● **REQUIRED WORK**
All lines of the listing below are to be printed again exactly.

··· DATA TO USE

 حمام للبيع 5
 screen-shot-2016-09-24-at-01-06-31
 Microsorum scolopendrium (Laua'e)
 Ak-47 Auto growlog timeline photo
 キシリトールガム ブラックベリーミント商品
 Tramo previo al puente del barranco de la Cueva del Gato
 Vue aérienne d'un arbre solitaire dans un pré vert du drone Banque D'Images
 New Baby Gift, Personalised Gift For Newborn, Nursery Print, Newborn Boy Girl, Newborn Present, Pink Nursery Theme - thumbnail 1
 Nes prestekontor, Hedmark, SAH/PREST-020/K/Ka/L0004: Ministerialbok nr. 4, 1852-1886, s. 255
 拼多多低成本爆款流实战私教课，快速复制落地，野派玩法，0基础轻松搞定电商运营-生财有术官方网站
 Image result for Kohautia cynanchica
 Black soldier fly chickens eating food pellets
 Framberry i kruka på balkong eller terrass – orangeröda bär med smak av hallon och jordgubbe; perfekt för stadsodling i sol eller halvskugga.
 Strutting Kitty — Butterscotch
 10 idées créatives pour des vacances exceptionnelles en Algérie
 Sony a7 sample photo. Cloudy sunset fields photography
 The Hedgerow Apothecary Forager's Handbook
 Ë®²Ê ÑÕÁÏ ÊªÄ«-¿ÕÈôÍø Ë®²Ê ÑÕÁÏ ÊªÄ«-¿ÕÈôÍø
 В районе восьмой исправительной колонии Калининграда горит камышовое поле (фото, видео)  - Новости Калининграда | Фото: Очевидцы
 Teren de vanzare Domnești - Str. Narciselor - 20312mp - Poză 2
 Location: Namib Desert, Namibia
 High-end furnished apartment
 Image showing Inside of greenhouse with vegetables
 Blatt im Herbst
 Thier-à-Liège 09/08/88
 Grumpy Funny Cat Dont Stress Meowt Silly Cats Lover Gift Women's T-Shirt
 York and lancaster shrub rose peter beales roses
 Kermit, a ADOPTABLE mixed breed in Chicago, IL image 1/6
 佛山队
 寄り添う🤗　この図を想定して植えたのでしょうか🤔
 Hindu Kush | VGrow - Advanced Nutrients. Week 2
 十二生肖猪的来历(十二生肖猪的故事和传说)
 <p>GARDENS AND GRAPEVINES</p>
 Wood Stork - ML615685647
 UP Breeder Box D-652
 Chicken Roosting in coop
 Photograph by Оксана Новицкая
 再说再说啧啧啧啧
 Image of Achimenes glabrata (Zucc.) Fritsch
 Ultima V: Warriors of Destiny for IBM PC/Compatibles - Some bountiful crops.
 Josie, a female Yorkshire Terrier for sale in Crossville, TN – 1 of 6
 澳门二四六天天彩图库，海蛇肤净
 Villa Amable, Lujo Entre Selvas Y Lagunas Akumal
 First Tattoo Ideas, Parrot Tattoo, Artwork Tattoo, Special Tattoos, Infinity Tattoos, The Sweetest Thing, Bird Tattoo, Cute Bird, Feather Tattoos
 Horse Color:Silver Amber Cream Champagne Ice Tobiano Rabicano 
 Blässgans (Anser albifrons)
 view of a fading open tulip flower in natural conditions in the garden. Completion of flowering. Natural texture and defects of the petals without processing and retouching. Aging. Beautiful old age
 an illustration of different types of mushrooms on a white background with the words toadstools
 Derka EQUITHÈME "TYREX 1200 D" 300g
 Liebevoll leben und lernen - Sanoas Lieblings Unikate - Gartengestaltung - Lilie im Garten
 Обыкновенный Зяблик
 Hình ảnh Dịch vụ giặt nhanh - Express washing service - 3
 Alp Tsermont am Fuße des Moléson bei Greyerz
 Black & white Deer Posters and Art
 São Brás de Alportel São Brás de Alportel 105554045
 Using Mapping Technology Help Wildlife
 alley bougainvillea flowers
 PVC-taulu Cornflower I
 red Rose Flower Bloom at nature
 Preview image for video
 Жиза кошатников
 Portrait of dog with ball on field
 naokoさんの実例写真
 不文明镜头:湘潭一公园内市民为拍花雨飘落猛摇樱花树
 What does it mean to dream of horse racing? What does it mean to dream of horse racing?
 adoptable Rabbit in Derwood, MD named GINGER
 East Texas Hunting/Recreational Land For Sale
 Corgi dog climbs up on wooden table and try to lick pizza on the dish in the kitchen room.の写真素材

······

● **TASK RESULT**
 حمام للبيع 5
 screen-shot-2016-09-24-at-01-06-31
 Microsorum scolopendrium (Laua'e)
 Ak-47 Auto growlog timeline photo
 キシリトールガム ブラックベリーミント商品
 Tramo previo al puente del barranco de la Cueva del Gato
 Vue aérienne d'un arbre solitaire dans un pré vert du drone Banque D'Images
 New Baby Gift, Personalised Gift For Newborn, Nursery Print, Newborn Boy Girl, Newborn Present, Pink Nursery Theme - thumbnail 1
 Nes prestekontor, Hedmark, SAH/PREST-020/K/Ka/L0004: Ministerialbok nr. 4, 1852-1886, s. 255
 拼多多低成本爆款流实战私教课，快速复制落地，野派玩法，0基础轻松搞定电商运营-生财有术官方网站
 Image result for Kohautia cynanchica
 Black soldier fly chickens eating food pellets
 Framberry i kruka på balkong eller terrass – orangeröda bär med smak av hallon och jordgubbe; perfekt för stadsodling i sol eller halvskugga.
 Strutting Kitty — Butterscotch
 10 idées créatives pour des vacances exceptionnelles en Algérie
 Sony a7 sample photo. Cloudy sunset fields photography
 The Hedgerow Apothecary Forager's Handbook
 Ë®²Ê ÑÕÁÏ ÊªÄ«-¿ÕÈôÍø Ë®²Ê ÑÕÁÏ ÊªÄ«-¿ÕÈôÍø
 В районе восьмой исправительной колонии Калининграда горит камышовое поле (фото, видео)  - Новости Калининграда | Фото: Очевидцы
 Teren de vanzare Domnești - Str. Narciselor - 20312mp - Poză 2
 Location: Namib Desert, Namibia
 High-end furnished apartment
 Image showing Inside of greenhouse with vegetables
 Blatt im Herbst
 Thier-à-Liège 09/08/88
 Grumpy Funny Cat Dont Stress Meowt Silly Cats Lover Gift Women's T-Shirt
 York and lancaster shrub rose peter beales roses
 Kermit, a ADOPTABLE mixed breed in Chicago, IL image 1/6
 佛山队
 寄り添う🤗　この図を想定して植えたのでしょうか🤔
 Hindu Kush | VGrow - Advanced Nutrients. Week 2
 十二生肖猪的来历(十二生肖猪的故事和传说)
 <p>GARDENS AND GRAPEVINES</p>
 Wood Stork - ML615685647
 UP Breeder Box D-652
 Chicken Roosting in coop
 Photograph by Оксана Новицкая
 再说再说啧啧啧啧
 Image of Achimenes glabrata (Zucc.) Fritsch
 Ultima V: Warriors of Destiny for IBM PC/Compatibles - Some bountiful crops.
 Josie, a female Yorkshire Terrier for sale in Crossville, TN – 1 of 6
 澳门二四六天天彩图库，海蛇肤净
 Villa Amable, Lujo Entre Selvas Y Lagunas Akumal
 First Tattoo Ideas, Parrot Tattoo, Artwork Tattoo, Special Tattoos, Infinity Tattoos, The Sweetest Thing, Bird Tattoo, Cute Bird, Feather Tattoos
 Horse Color:Silver Amber Cream Champagne Ice Tobiano Rabicano 
 Blässgans (Anser albifrons)
 view of a fading open tulip flower in natural conditions in the garden. Completion of flowering. Natural texture and defects of the petals without processing and retouching. Aging. Beautiful old age
 an illustration of different types of mushrooms on a white background with the words toadstools
 Derka EQUITHÈME "TYREX 1200 D" 300g
 Liebevoll leben und lernen - Sanoas Lieblings Unikate - Gartengestaltung - Lilie im Garten
 Обыкновенный Зяблик
 Hình ảnh Dịch vụ giặt nhanh - Express washing service - 3
 Alp Tsermont am Fuße des Moléson bei Greyerz
 Black & white Deer Posters and Art
 São Brás de Alportel São Brás de Alportel 105554045
 Using Mapping Technology Help Wildlife
 alley bougainvillea flowers
 PVC-taulu Cornflower I
 red Rose Flower Bloom at nature
 Preview image for video
 Жиза кошатников
 Portrait of dog with ball on field
 naokoさんの実例写真
 不文明镜头:湘潭一公园内市民为拍花雨飘落猛摇樱花树
 What does it mean to dream of horse racing? What does it mean to dream of horse racing?
 adoptable Rabbit in Derwood, MD named GINGER
 East Texas Hunting/Recreational Land For Sale
 Corgi dog climbs up on wooden table and try to lick pizza on the dish in the kitchen room.の写真素材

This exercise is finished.